* YOUR INSTRUCTIONS: In the data below, find each line containing the string "sale" and return it.

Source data
==*==

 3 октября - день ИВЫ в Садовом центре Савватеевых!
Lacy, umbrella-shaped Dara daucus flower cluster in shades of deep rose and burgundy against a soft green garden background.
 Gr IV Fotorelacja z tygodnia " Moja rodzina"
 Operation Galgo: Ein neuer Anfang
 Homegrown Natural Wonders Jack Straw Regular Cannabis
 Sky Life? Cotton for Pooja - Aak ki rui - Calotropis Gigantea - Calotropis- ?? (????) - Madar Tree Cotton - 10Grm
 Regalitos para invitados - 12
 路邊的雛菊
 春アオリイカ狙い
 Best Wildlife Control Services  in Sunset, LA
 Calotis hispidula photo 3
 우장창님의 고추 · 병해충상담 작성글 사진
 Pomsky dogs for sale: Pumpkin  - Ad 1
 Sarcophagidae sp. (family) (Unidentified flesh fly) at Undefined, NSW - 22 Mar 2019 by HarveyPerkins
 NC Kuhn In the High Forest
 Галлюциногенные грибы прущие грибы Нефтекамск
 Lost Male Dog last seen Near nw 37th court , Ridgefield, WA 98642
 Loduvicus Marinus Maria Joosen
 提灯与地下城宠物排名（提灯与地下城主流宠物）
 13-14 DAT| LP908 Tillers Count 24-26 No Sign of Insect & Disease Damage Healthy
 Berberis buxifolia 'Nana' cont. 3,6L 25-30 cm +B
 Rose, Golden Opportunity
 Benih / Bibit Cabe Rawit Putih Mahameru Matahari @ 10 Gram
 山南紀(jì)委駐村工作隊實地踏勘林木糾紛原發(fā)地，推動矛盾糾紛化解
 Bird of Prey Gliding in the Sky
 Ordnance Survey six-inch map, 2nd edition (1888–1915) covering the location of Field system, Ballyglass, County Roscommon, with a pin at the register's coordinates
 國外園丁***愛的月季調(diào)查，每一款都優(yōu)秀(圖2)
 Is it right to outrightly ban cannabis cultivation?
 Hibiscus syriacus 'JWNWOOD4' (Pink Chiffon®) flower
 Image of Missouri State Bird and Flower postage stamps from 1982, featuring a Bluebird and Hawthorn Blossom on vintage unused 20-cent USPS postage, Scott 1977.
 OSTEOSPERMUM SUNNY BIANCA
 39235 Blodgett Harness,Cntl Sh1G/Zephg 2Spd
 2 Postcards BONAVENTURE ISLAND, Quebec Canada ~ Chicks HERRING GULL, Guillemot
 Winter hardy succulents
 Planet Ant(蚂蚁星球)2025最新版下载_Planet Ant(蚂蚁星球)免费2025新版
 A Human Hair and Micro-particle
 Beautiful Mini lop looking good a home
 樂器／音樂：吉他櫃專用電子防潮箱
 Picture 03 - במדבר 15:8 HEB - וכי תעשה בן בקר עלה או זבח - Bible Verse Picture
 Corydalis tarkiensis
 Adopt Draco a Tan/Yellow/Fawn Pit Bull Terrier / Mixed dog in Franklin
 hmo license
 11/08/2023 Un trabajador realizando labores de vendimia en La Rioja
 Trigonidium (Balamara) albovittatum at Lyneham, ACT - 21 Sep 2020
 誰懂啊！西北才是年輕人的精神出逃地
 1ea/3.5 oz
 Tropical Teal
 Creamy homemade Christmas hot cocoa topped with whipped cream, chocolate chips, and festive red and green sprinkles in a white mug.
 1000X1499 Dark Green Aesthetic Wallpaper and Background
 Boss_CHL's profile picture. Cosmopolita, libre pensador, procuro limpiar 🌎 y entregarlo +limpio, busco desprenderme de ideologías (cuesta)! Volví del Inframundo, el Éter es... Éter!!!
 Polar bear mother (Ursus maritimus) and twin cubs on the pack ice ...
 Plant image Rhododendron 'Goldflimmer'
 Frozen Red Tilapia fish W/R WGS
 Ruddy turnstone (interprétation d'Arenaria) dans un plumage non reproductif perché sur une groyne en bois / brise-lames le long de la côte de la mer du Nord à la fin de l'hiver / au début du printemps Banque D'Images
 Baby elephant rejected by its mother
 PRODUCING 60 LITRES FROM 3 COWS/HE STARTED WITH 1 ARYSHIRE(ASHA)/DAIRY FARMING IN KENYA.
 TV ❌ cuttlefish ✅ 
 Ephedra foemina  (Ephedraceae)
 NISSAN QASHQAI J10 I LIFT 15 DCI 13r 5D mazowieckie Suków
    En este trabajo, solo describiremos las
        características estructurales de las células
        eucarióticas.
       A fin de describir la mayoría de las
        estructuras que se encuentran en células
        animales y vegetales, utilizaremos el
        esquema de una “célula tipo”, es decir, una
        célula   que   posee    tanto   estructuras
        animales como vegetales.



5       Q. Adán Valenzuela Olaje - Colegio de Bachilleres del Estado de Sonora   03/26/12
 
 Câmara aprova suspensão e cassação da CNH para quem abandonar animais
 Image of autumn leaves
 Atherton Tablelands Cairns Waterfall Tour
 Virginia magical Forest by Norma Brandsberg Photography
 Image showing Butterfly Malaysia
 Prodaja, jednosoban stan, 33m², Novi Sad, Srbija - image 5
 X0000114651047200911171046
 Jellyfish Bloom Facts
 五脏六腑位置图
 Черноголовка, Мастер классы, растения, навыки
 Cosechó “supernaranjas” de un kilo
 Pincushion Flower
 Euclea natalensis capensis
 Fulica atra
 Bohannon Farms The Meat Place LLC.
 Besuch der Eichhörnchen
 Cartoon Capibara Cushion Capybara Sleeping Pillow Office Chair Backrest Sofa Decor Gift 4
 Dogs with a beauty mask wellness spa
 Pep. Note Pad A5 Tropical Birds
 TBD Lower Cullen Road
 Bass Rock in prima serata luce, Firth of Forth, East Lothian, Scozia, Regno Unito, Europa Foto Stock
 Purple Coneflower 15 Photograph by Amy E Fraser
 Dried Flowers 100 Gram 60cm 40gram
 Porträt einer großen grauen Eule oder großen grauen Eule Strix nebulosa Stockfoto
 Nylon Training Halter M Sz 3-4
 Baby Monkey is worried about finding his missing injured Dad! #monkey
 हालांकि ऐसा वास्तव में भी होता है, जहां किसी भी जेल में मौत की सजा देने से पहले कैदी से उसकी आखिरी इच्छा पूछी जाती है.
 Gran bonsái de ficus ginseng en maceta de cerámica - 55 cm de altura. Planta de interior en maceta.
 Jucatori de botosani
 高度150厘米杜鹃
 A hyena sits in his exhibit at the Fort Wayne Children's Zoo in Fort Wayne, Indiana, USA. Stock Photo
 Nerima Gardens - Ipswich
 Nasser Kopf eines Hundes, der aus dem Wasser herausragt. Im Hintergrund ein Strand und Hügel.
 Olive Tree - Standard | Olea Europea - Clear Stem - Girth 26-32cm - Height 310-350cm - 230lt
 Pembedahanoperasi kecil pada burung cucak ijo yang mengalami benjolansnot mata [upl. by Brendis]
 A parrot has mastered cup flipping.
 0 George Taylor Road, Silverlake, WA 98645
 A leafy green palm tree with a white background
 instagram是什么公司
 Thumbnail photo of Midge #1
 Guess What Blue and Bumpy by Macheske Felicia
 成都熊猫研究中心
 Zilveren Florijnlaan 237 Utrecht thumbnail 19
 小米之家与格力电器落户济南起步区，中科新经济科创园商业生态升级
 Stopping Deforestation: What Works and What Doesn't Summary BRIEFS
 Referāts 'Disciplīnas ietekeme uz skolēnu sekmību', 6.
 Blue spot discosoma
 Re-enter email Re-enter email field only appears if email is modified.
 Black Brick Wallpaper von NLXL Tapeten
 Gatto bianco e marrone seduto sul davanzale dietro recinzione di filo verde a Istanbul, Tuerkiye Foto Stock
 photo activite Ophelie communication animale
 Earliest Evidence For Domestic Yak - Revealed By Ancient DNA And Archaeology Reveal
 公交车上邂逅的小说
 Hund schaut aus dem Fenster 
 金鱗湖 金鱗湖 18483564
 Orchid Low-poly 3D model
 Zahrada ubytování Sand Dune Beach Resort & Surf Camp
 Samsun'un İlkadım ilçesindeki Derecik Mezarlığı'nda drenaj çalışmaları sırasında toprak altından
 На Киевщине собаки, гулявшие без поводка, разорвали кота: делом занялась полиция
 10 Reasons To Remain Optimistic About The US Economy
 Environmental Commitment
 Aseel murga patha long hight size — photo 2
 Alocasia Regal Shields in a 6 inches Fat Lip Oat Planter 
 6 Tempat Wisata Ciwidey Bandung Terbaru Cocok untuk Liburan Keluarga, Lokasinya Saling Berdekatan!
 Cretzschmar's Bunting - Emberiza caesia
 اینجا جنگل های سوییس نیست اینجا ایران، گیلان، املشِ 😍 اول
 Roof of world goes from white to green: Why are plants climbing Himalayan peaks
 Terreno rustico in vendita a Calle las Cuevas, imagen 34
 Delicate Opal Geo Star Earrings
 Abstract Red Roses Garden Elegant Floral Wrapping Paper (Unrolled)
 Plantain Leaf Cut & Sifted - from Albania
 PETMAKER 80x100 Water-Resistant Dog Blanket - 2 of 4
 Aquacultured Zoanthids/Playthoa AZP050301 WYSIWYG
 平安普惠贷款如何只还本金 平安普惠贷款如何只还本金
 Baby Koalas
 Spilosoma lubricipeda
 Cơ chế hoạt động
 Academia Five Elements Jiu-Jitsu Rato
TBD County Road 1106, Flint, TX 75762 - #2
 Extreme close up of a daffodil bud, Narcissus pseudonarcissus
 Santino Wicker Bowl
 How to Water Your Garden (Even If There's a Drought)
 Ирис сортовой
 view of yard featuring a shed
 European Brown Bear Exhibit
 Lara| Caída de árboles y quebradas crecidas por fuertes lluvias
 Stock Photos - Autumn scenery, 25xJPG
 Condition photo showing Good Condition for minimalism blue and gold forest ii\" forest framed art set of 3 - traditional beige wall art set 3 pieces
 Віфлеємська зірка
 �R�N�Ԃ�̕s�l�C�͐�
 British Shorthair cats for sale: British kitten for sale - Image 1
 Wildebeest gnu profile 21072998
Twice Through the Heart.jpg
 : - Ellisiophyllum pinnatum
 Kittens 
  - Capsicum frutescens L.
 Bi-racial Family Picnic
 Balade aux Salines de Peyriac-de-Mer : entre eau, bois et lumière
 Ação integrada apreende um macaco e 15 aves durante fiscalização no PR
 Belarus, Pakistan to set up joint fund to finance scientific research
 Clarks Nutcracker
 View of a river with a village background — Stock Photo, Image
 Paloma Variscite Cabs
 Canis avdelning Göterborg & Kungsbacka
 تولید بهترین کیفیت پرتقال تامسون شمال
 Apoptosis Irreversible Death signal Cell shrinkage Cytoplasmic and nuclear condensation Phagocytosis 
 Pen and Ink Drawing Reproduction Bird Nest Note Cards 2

==*==

* FINISHED EXERCISE:
 Pomsky dogs for sale: Pumpkin  - Ad 1
 British Shorthair cats for sale: British kitten for sale - Image 1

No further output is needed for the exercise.